• PROBLEM TO SOLVE: Images stay out; everything else in the records is to be set down exactly.

• TASK INPUT:
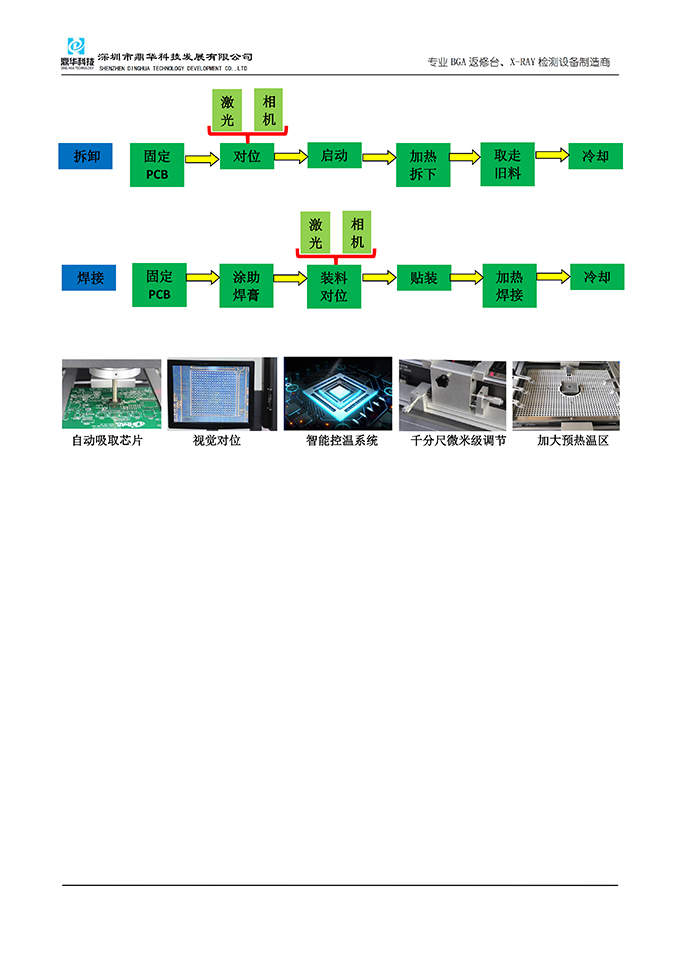 返修台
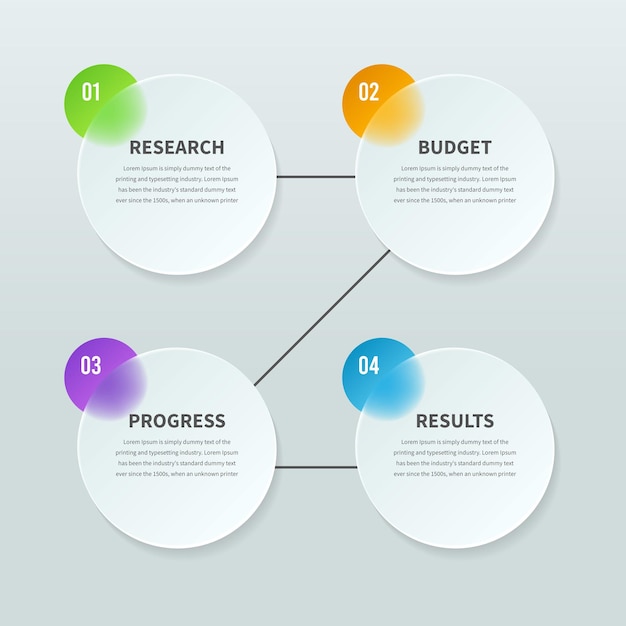 Diseño infográfico circular de negocios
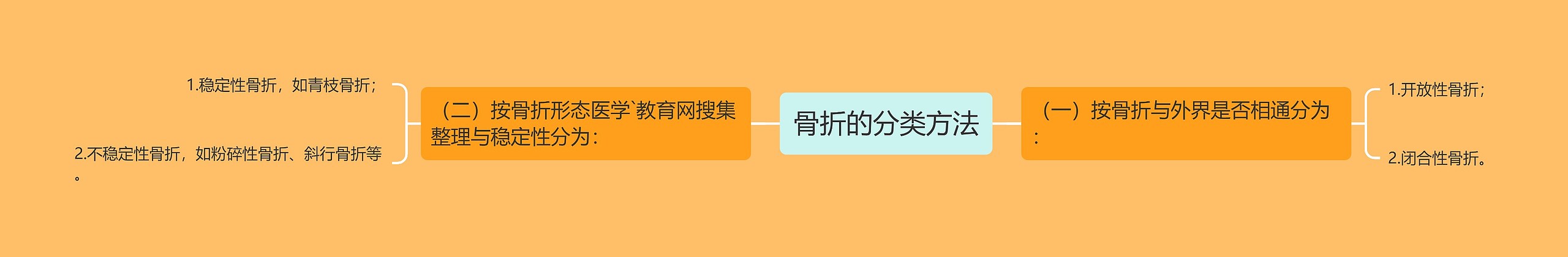 骨折的分类方法思维导图高清图 骨折的分类方法思维导图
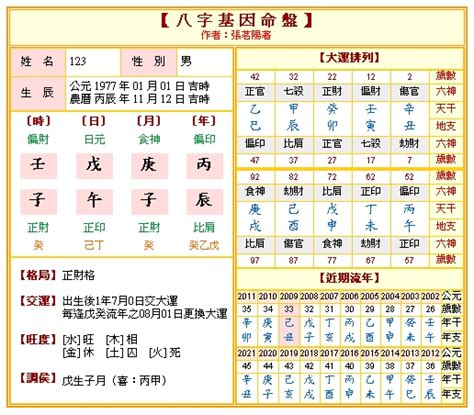 先天五行查詢|免費八字算命、排盤及命盤解說，分析一生的命運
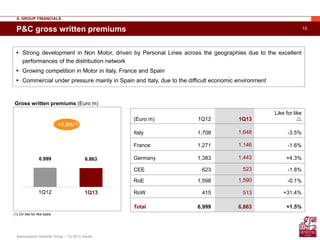 15
Assicurazioni Generali Group – 1Q 2013 results
P&C gross written premiums
(Euro m) 1Q12 1Q13
Like for like

Italy 1,708 1,648 -3.5%
France 1,271 1,146 -1.6%
Germany 1,383 1,443 +4.3%
CEE 623 523 -1.8%
RoE 1,598 1,590 -0.1%
RoW 415 513 +31.4%
Total 6,999 6,863 +1.5%
II. GROUP FINANCIALS
(1) On like for like basis
Gross written premiums (Euro m)
6.999 6.863
1Q131Q12
+1.5%(1)
 Strong development in Non Motor, driven by Personal Lines across the geographies due to the excellent
performances of the distribution network
 Growing competition in Motor in Italy, France and Spain
 Commercial under pressure mainly in Spain and Italy, due to the difficult economic environment
 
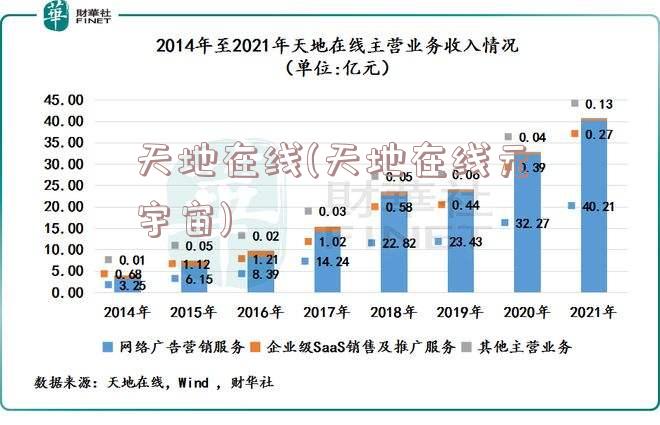 天地在线(天地在线元宇宙)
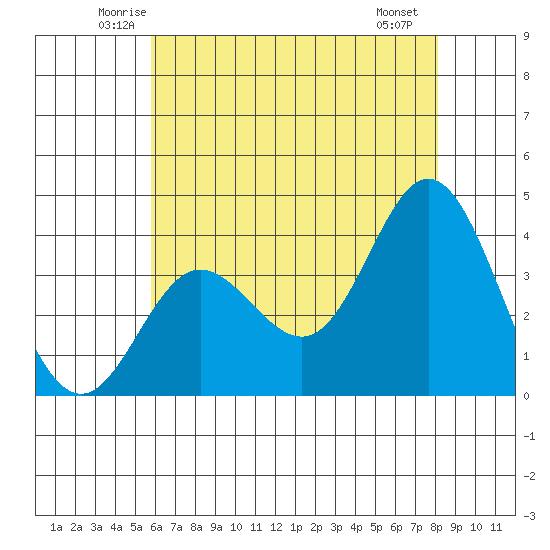 San Nicolas Island tide chart for Wednesday, June 14, 2023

• ANSWER BELOW:
 返修台
 Diseño infográfico circular de negocios
 骨折的分类方法思维导图高清图 骨折的分类方法思维导图
 先天五行查詢|免費八字算命、排盤及命盤解說，分析一生的命運
 15
Assicurazioni Generali Group – 1Q 2013 results
P&C gross written premiums
(Euro m) 1Q12 1Q13
Like for like

Italy 1,708 1,648 -3.5%
France 1,271 1,146 -1.6%
Germany 1,383 1,443 +4.3%
CEE 623 523 -1.8%
RoE 1,598 1,590 -0.1%
RoW 415 513 +31.4%
Total 6,999 6,863 +1.5%
II. GROUP FINANCIALS
(1) On like for like basis
Gross written premiums (Euro m)
6.999 6.863
1Q131Q12
+1.5%(1)
 Strong development in Non Motor, driven by Personal Lines across the geographies due to the excellent
performances of the distribution network
 Growing competition in Motor in Italy, France and Spain
 Commercial under pressure mainly in Spain and Italy, due to the difficult economic environment
 
 天地在线(天地在线元宇宙)
 San Nicolas Island tide chart for Wednesday, June 14, 2023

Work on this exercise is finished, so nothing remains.